The phrase "in Christ" leaps repeatedly from the letters of Paul. When we are baptized, we are somehow, mystically, incorporated into Christ's body. Christians constitute the body of Christ (e.g., 1 Cor. 12:13). We have been crucified with Christ (Gal. 2:20), which allows us to die to the Jewish Law and its condemnation. In Christ, we will all be made alive, just as in Adam we all died (1 Cor. 15:22).

This is something more profound here than a mere legal exchange. We actually die ourselves "in Christ." It is not just Christ dying in our place, it is us dying in Christ's body with him. We participate in his death. We participate in his life. This is not substitution. It is incorporation.

6. With this groundwork laid, we should dispense with all sorts of other foolish rumors about atonement. God the Son, Jesus, is the one who suffered on the cross, not God the Father. Jesus learned what it was to suffer death on the cross. God the Father, however, did not suffer on the cross. [3] God the Father did not learn something on the cross.

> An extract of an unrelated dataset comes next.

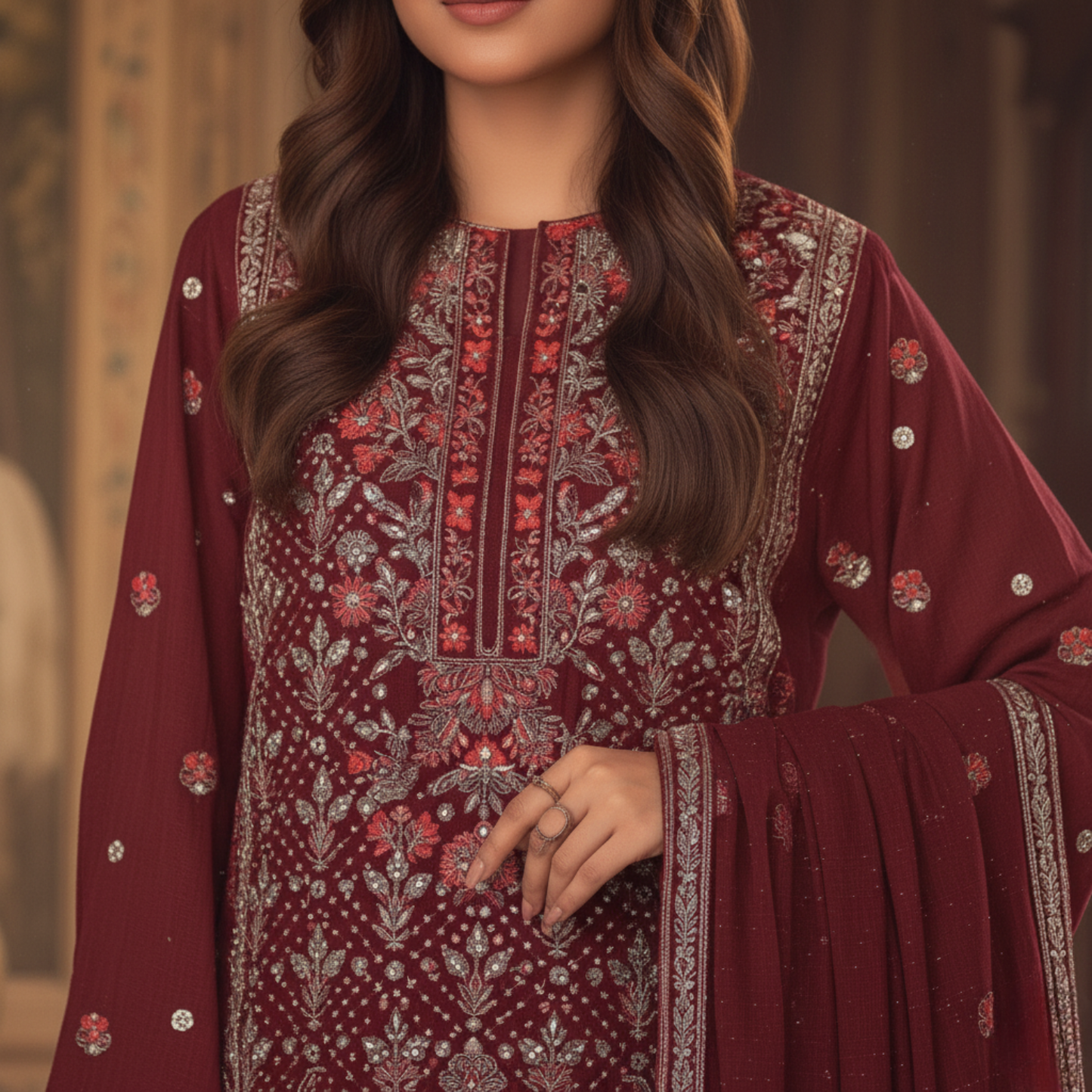 Dhanak Collection BH-715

The view that God learned what it was like to suffer--indeed, the idea that, in Jesus, God learned what it was like to be human--assumes that God was not all-knowing beforehand. Rather, since God created the possibility of suffering out of nothing, God knew exactly what it was like to suffer from eternity past. He created suffering as a possibility. There is no distinction in God between experiential knowledge and head knowledge for God. This is a human distinction.

In the same way, the popular notion that "God turned his face away" when Jesus assumed our sins finds no clear basis in Scripture. It is rather a romantic notion built on a series of assumptions that go far beyond anything the Scripture says. It both involves a significant anthropomorphism (picturing God in human terms) and a legalistic sense of God's justice.

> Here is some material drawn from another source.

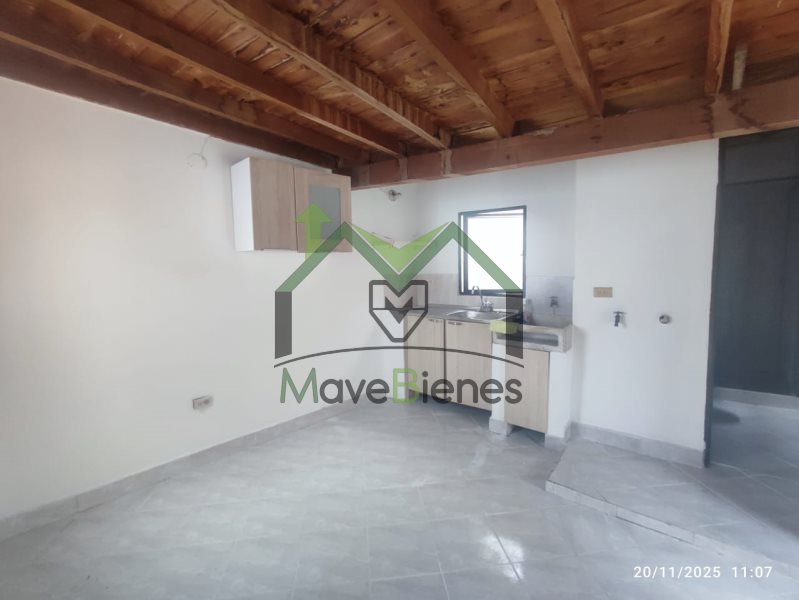 Apartaestudio en Arriendo en San Joaquin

The Bible simply says nothing of the sort. Our sins cannot harm God. Our actions are just not that significant. God does not throw temper tantrums when people do not listen to him. This is the reaction of someone who is insecure, and Go is not insecure. When the Bible pictures God getting angry at sin, it is impressing the seriousness of sin for us, not for God. We diminish God if we think these images, drawn from humanity as pictures we can understand, literally picture God's mind. He is far greater than that.

In his death, Jesus took humanity's place. That is, he took away our stain and our shame, our curse. He became sin, a sin offering in fact, so that we might become truly righteous in him. And in him we are, if we have the Holy Spirit. We are in Christ, incorporated into his death and incorporated into his life. We have been crucified with Christ, and the life that we now live, we live in the faithfulness of the Son of God, who loved us and gave himself for us.

Next week: A5. In his death, Jesus defeated the power of death.

[1] The discussion of the phrase, "the righteousness of God" is extensive in biblical scholarship. As good places to start, see N. T. Wright, What Saint Paul Really Said (Grand Rapids: Eerdmans, 1997) and Richard Hays, Echoes of Scripture in the Letters of Paul (New Haven, CT: Yale University, 1993).

[2] N. T. Wright has effectively set out this interpretation in, "On Becoming the Righteousness of God," in Pauline Theology, D. M. Hay, ed., vol. 2 (Minneapolis: Fortress, 1993), 200-8.

[3] A false idea known as "patripassianism."

3 comments:

Susan Moore said...

I have to admit I have been tripping over this one. But not because of my Catholic roots, whose understandings about atonement your words so far support, but because of my more recent protestant Calvinistic evangelical involvement.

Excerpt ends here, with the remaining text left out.